What you should do — Transcribe, leaving out every picture, the lines that run from the start of the listing below through the line with "Apple Watch SE".
─── Records for the exercise
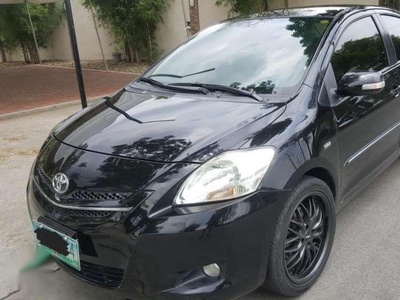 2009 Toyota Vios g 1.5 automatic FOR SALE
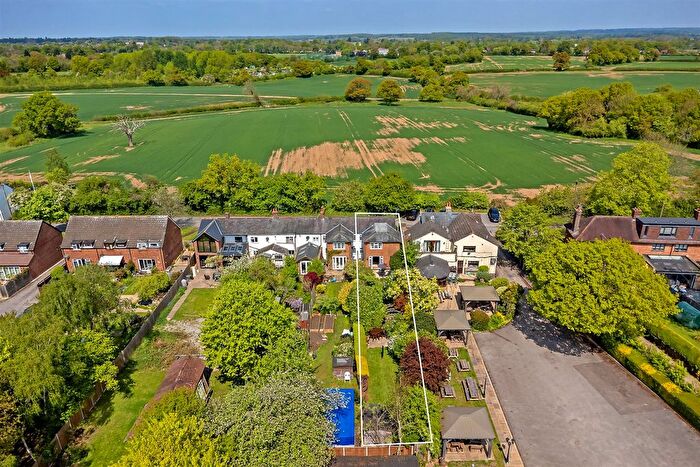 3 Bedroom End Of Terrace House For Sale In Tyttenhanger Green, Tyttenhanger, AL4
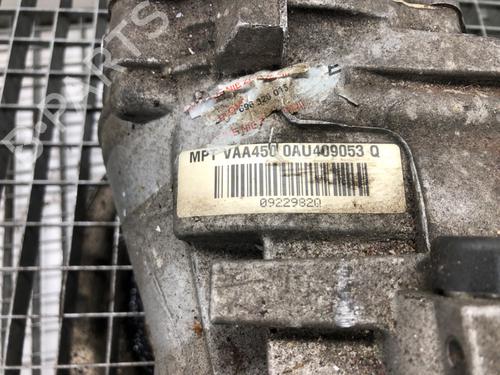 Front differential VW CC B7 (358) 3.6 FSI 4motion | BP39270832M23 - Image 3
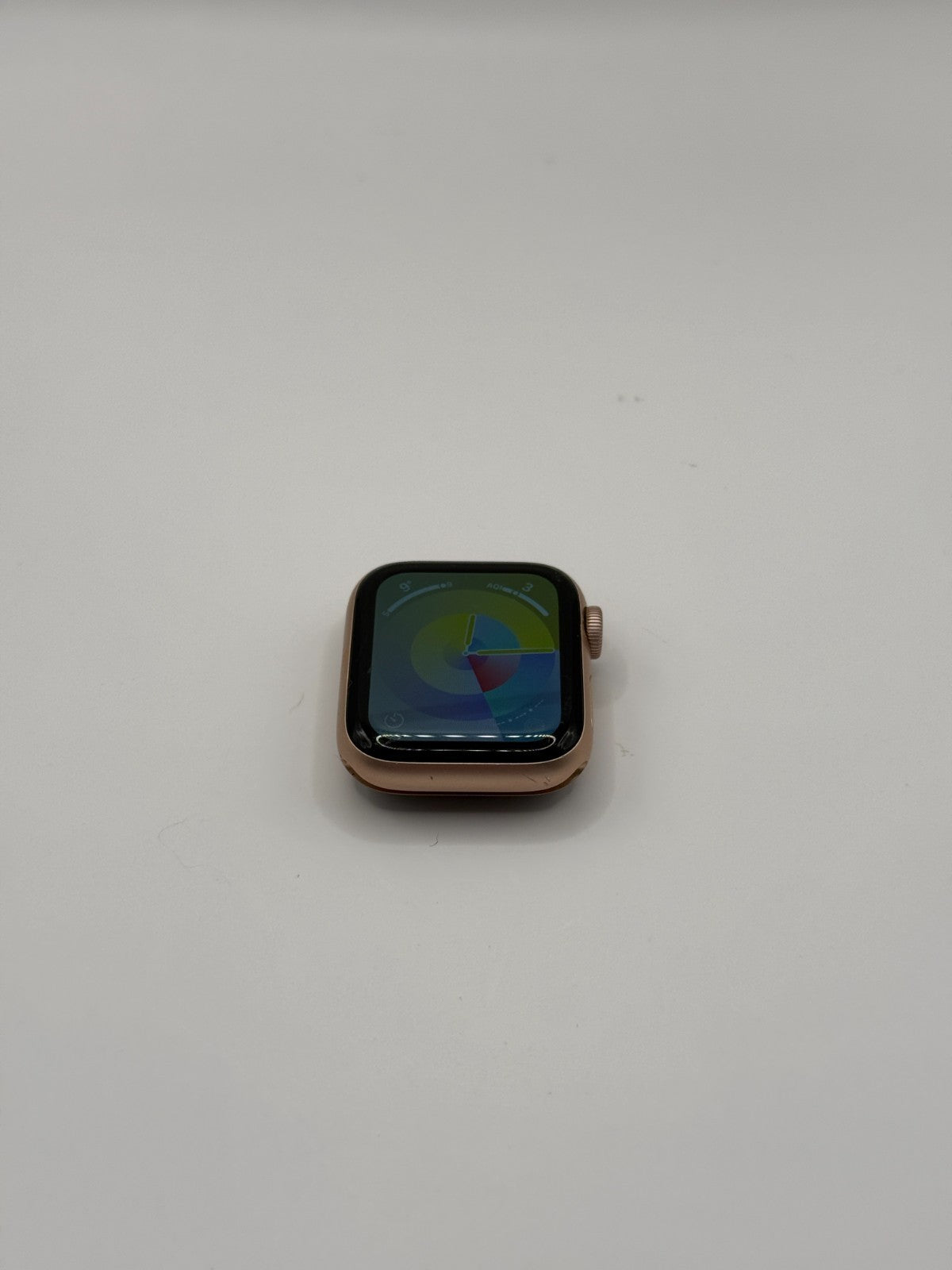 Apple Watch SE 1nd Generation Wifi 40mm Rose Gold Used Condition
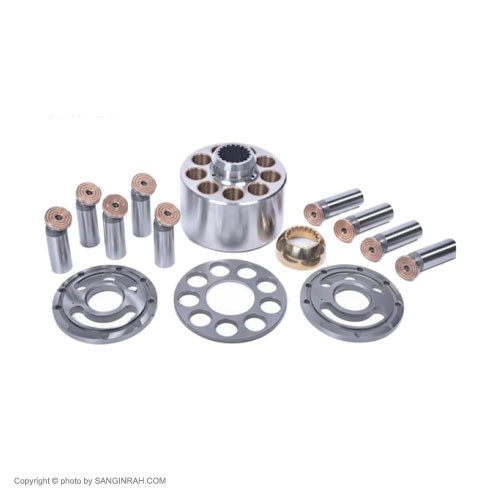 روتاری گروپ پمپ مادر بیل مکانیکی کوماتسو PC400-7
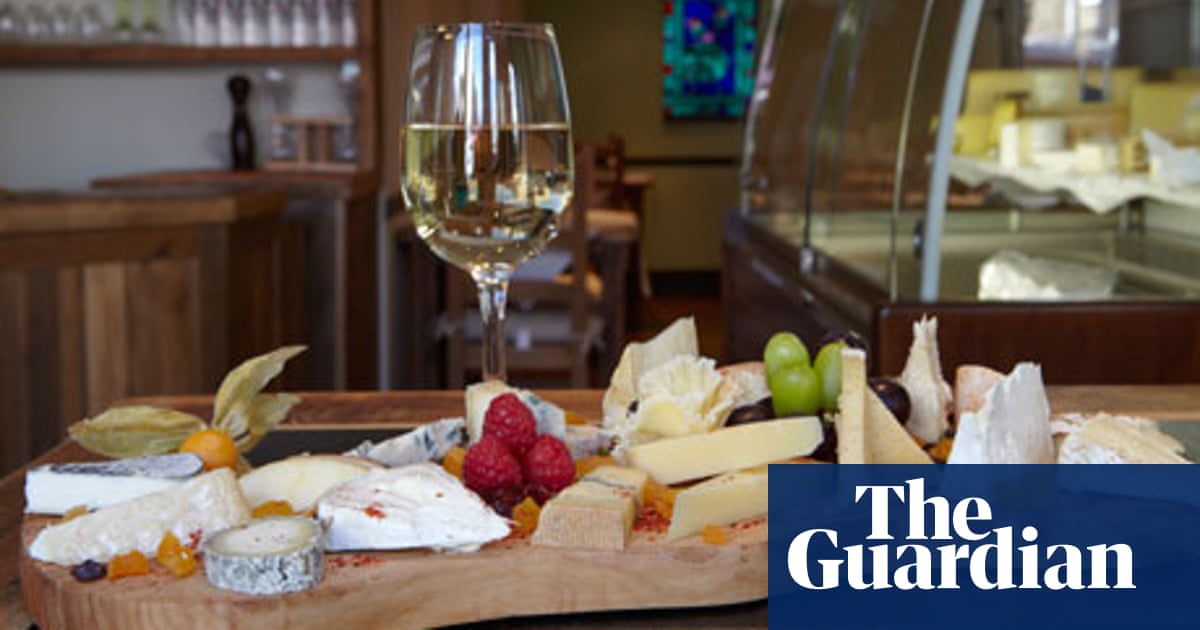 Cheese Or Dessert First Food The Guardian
──────
Written answer —
 2009 Toyota Vios g 1.5 automatic FOR SALE
 3 Bedroom End Of Terrace House For Sale In Tyttenhanger Green, Tyttenhanger, AL4
 Front differential VW CC B7 (358) 3.6 FSI 4motion | BP39270832M23 - Image 3
 Apple Watch SE 1nd Generation Wifi 40mm Rose Gold Used Condition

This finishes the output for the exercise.